* **Brief**
Leave the pictures out, and transcribe the material below exactly from the line with "la Guardia Costera." to the line with "Crocs Kids J3", both lines included.

* **Data records**
#####
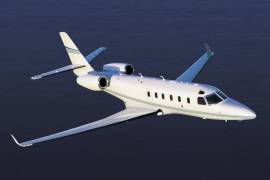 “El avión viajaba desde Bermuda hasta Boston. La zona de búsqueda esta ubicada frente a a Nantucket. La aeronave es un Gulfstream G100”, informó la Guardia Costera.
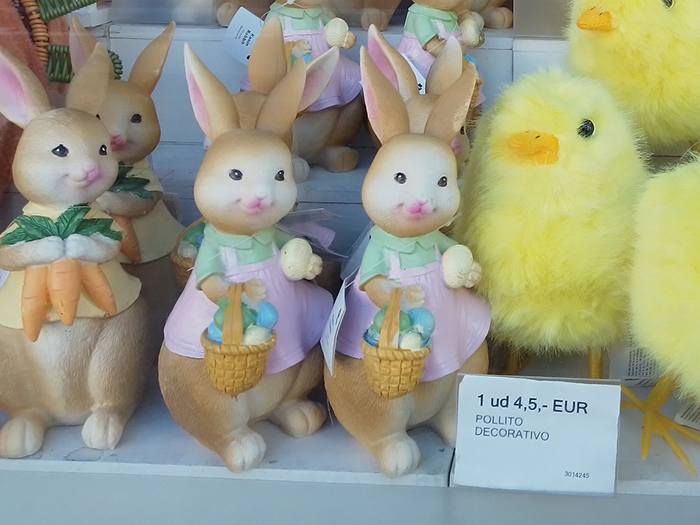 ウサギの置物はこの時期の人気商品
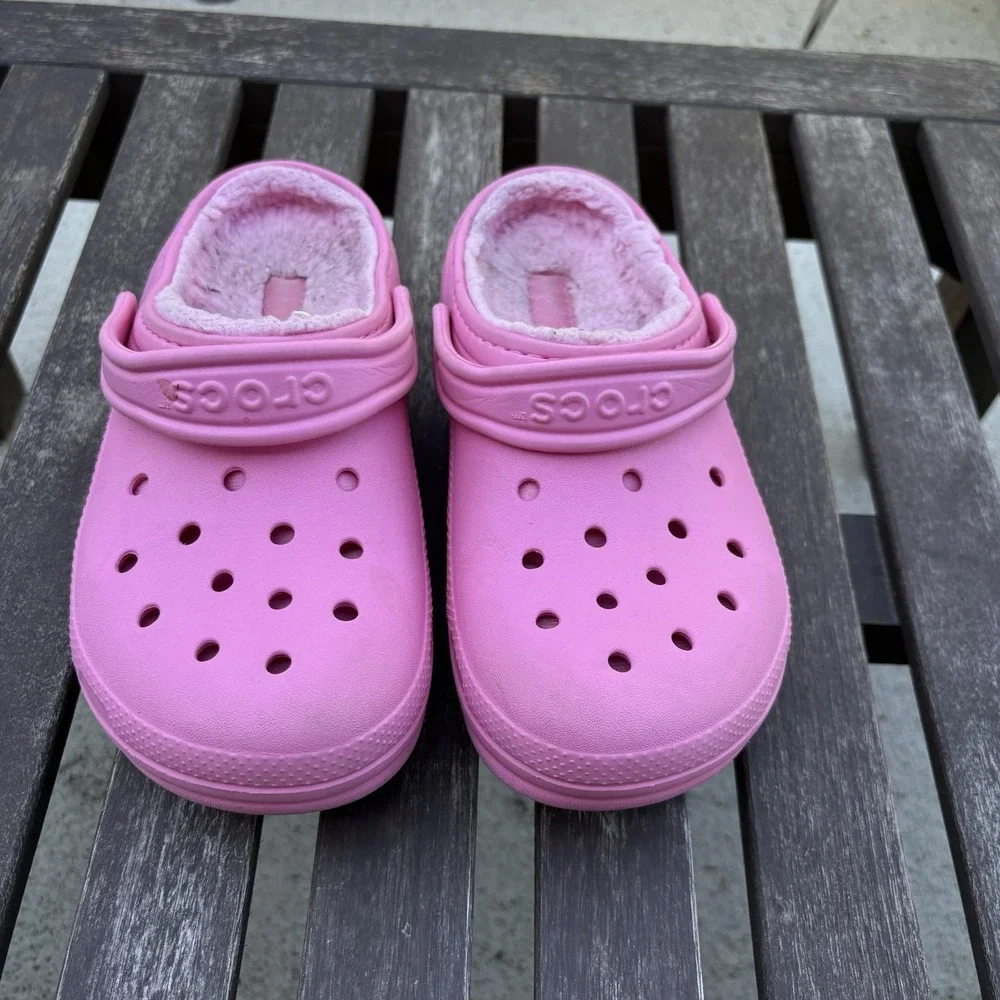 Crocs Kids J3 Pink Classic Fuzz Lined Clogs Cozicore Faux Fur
#####
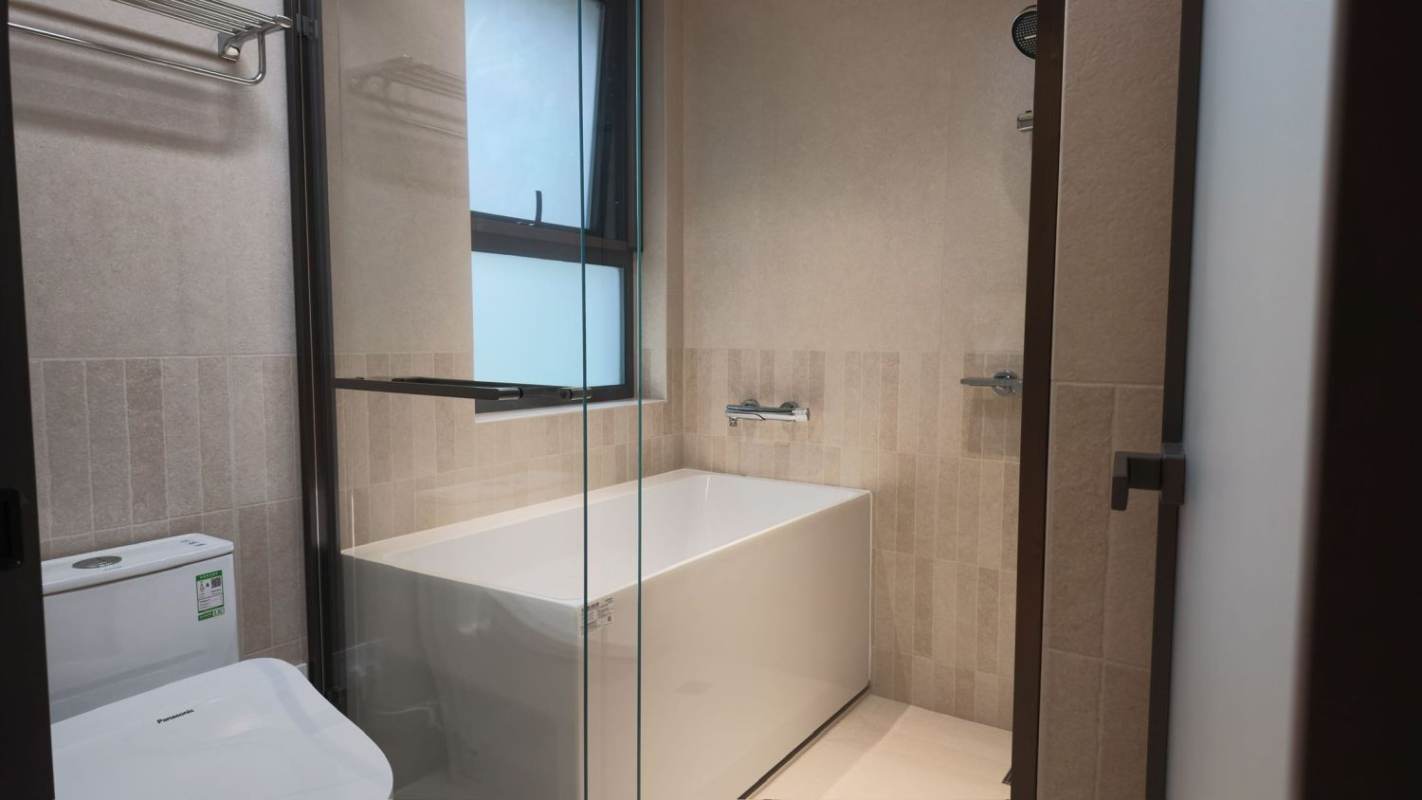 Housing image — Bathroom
#####
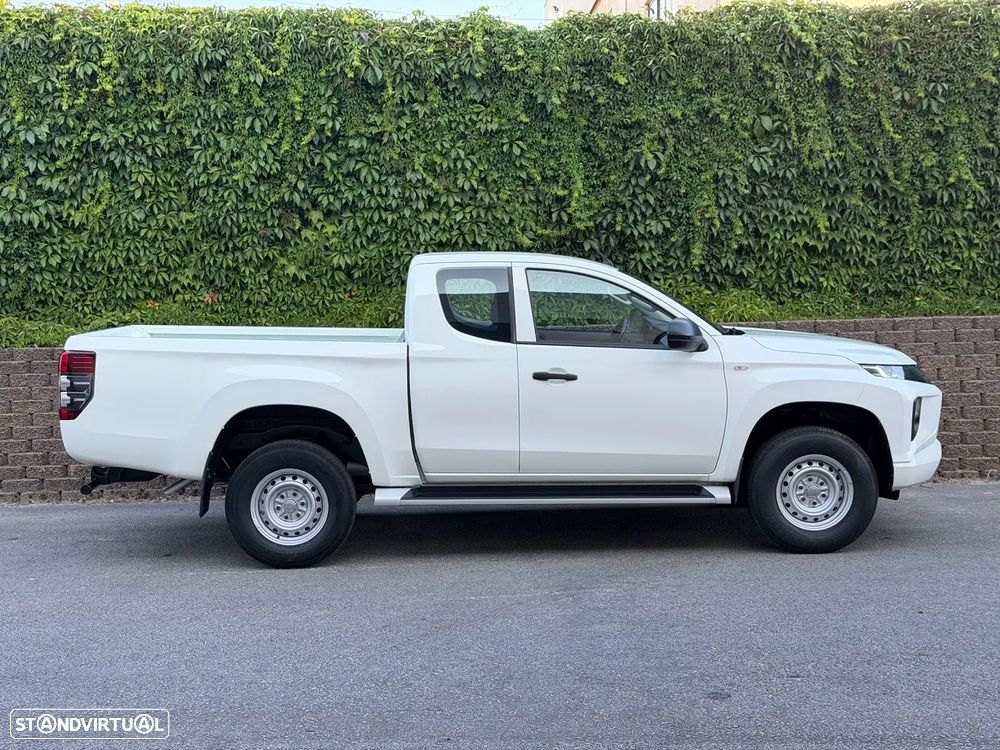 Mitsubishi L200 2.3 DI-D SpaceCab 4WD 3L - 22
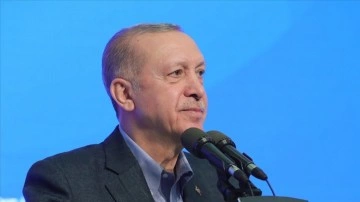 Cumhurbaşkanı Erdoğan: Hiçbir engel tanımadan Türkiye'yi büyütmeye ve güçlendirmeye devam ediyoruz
#####
* **Task solution**
 “El avión viajaba desde Bermuda hasta Boston. La zona de búsqueda esta ubicada frente a a Nantucket. La aeronave es un Gulfstream G100”, informó la Guardia Costera.
 ウサギの置物はこの時期の人気商品
 Crocs Kids J3 Pink Classic Fuzz Lined Clogs Cozicore Faux Fur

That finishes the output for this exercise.